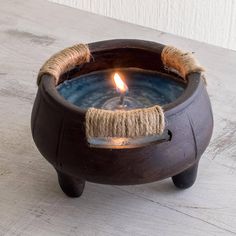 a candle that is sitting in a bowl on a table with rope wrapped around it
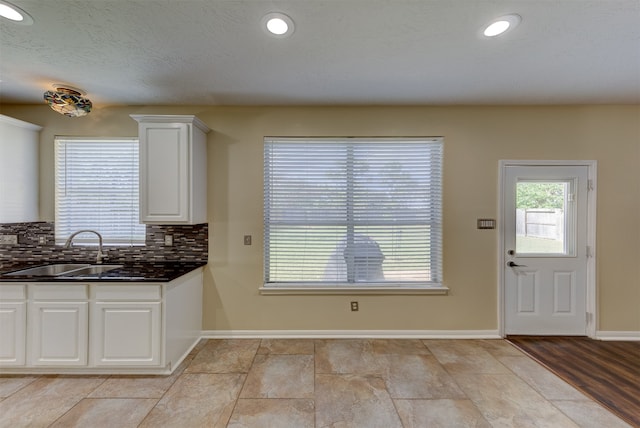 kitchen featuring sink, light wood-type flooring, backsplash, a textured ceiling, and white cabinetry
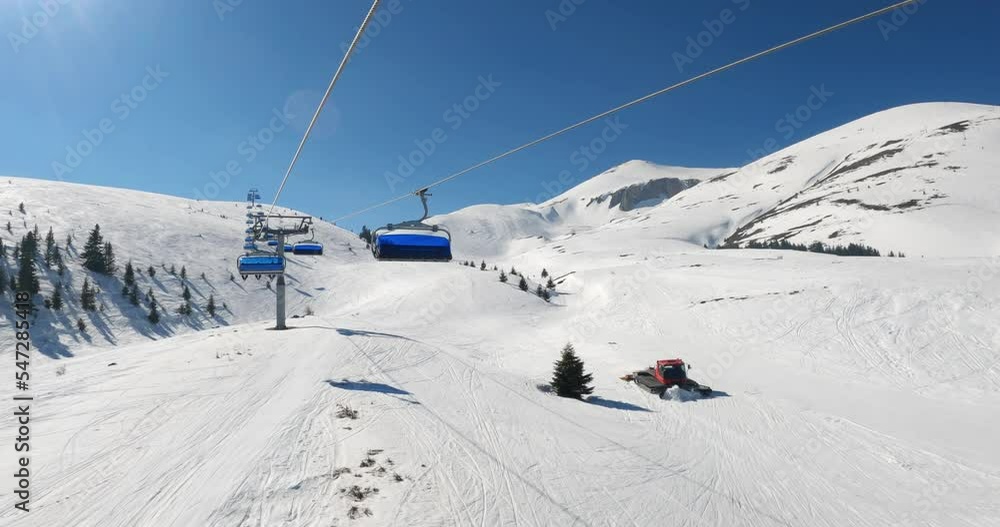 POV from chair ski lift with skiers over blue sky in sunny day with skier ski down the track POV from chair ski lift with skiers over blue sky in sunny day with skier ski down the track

* * *

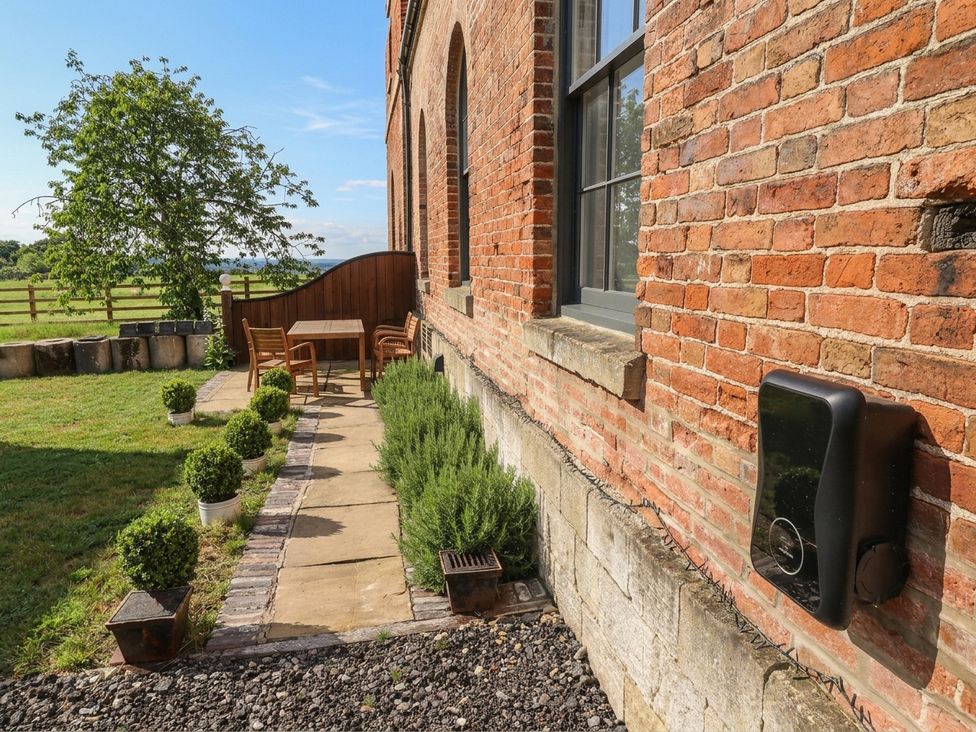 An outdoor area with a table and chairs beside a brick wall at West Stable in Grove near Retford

= What to produce =
Output exactly the lines above that lie between the line with "a candle that" and the line with "the track POV", those two lines included, and no pictures.

= Exercise solution =
 a candle that is sitting in a bowl on a table with rope wrapped around it
 kitchen featuring sink, light wood-type flooring, backsplash, a textured ceiling, and white cabinetry
 POV from chair ski lift with skiers over blue sky in sunny day with skier ski down the track POV from chair ski lift with skiers over blue sky in sunny day with skier ski down the track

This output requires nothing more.